3D crosswalks: Could optical illusion be potential solution to a deadly problem?

Some people are getting creative to try and get drivers to slow down when people are trying to cross the road.

ST. PETERSBURG, Fla. – It’s trippy and almost guaranteed to catch your attention. But that’s exactly the point.

A town in Iceland is testing out a 3D-painted crosswalk that looks like it’s “floating” on the road, according to Digg.

It's an optical illusion that's intentionally designed to shock drivers into paying attention.

Similar ideas have been tried in cities in India, China and Canada, but what about right here in Tampa Bay?

After all, Florida has the second-highest rate of pedestrian deaths in the entire country, according to the most recent data available from the National Highway Traffic and Safety Administration or NHSTA. 
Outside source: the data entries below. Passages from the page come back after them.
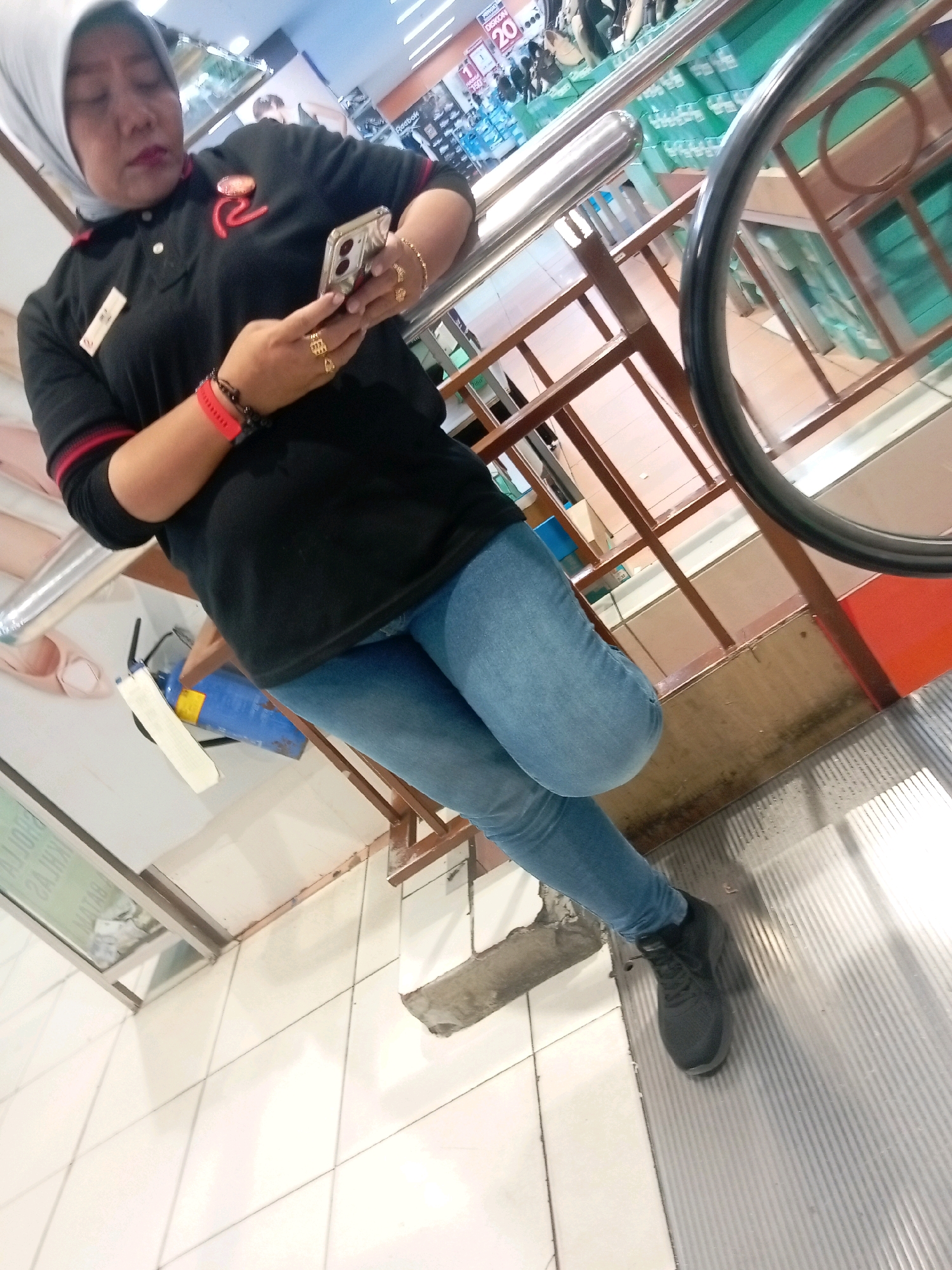 A woman wearing a black polo shirt with red trim, blue jeans, and a grey hijab is standing on an escalator in a shopping mall. She is holding a smartphone in her right hand and looking at it. She has a red wristband on her left wrist and several gold rings on her fingers. The escalator appears to be in a public area, possibly a department store, with displays of merchandise visible in the background. The scene is indoors with bright overhead lighting. The location is identified as Batam, Indonesia.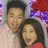 Two people pose together against a purple and red patterned background with visible pixelation.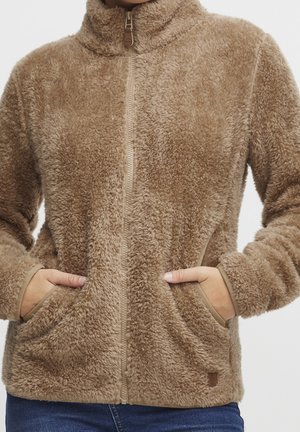 Veste polaire beige zippée avec col montant et poches latérales, portée avec les mains dans les poches, montrée du cou aux hanches.
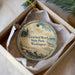A circular ornament with a beach scene and text, placed in a box with a white tissue paper lining.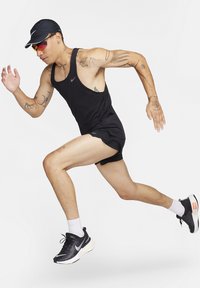 Schwarzes sportliches Tanktop und Shorts mit einem Nike-Logo, in Laufbewegung, trägt eine schwarze Mütze und reflektierende Sonnenbrille, schwarz-weiße Sneaker.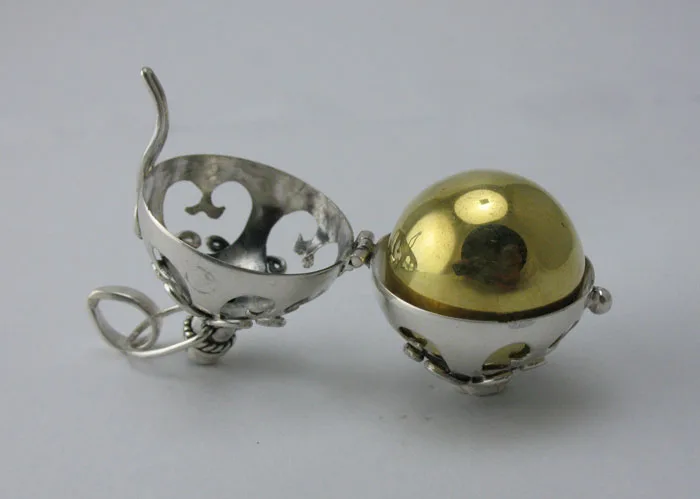 Open hinged view of a Balinese 925 sterling silver locket cage displaying the removable polished brass harmony chime ball inside.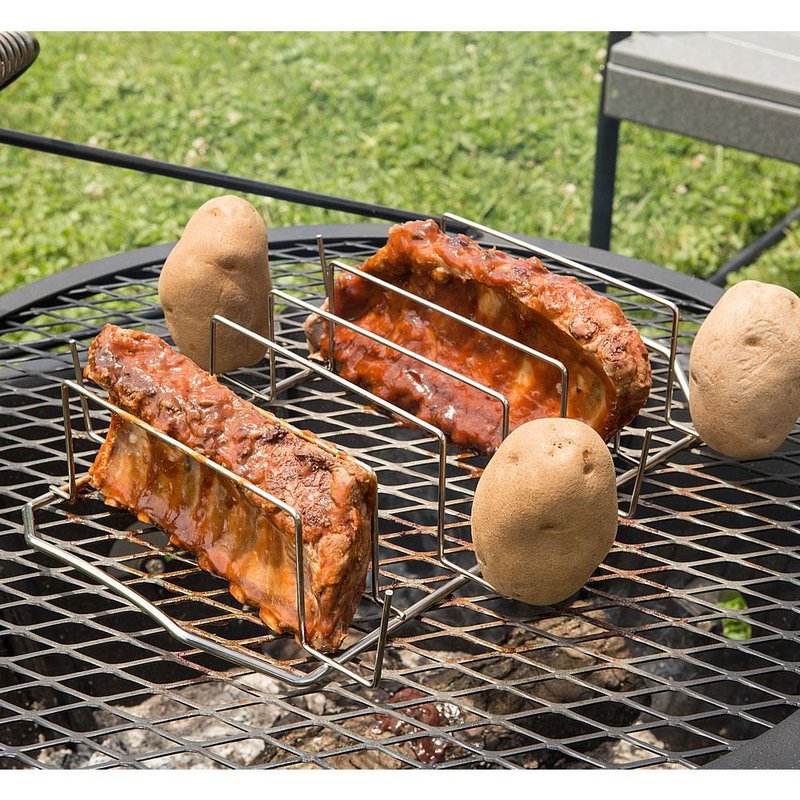 Nickel-plated rack holding ribs vertically alongside whole potatoes on skewers, designed for space-saving grilling or oven cooking, featured in Farm, Garden & Tool, Kitchen & Food, and Grilling collections.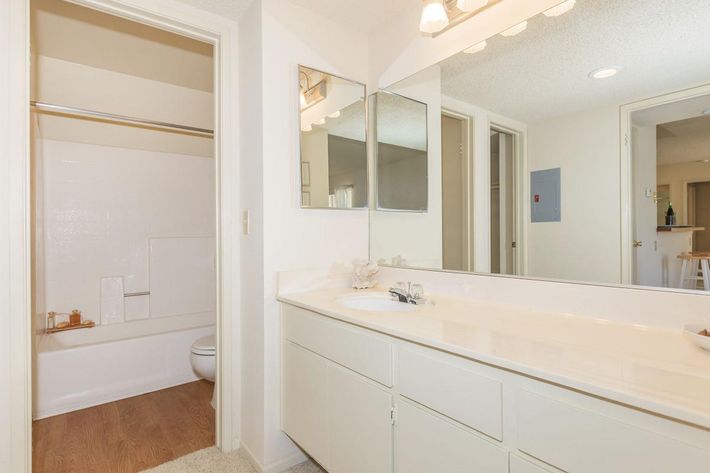a large white tub next to a sink and a mirror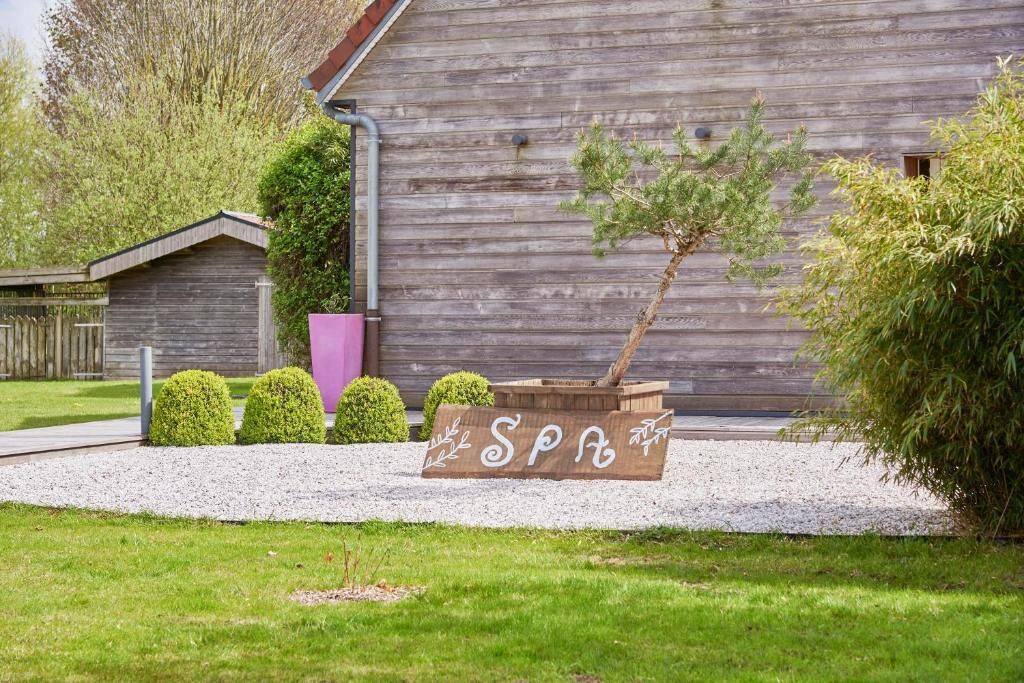 A wooden building with a sign that reads 'SPA' in the foreground.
Earlier this year, the Tampa Bay region was ranked No. 7 as the most dangerous metro areas in the nation for pedestrian by a group called Smart Growth America.

“We’ve done a really good job building highways that allow people to go pretty fast," said Whit Blanton, Pinellas County Metropolitan Planning Organization.

"And when people go fast to their destinations they’re not paying attention to people who are crossing."

Solutions to the problem have included the installation of flashing crosswalks—rectangular rapid flashing beams—which have now become commonplace across the bay area.

RELATED: Tampa Bay among most dangerous places to take a walk

Blanton says out-of-the-box ideas like the 3D-painted crosswalks is what county planners consider when looking at ways to improve the area's dismal pedestrian safety record.

MORE: ‘Smart paint' crosswalks could help visually-impaired in Tampa

“It’s definitely an attention grabber and it would cause people to slow down and be more observant," he said.

“The conversation is how do we improve visibility and situational awareness and that sometimes makes you look at innovative treatments.”

But it's not just as simple as making a decision to repaint the crosswalks.

"There's a process," Blanton says, referring to the Manual on Uniform Traffic Control Devices which dictates acceptable practices and where certain signage and markers can be applied.

"If we don't follow that you run the risk of having a lot of confusion."

Changes to the manual can and have been made, Blanton said, like when shared bike lane pavement markings were added.

While something as radical as a 3D-printed crosswalk might be far off from appearing on an Tampa Bay road, Blanton says work to re-imagine our roads and sidewalks and how pedestrians and drivers interact on them continues.

"We're really looking county-wide at how we allocate the space on our roadways so that it's safer," Blanton said.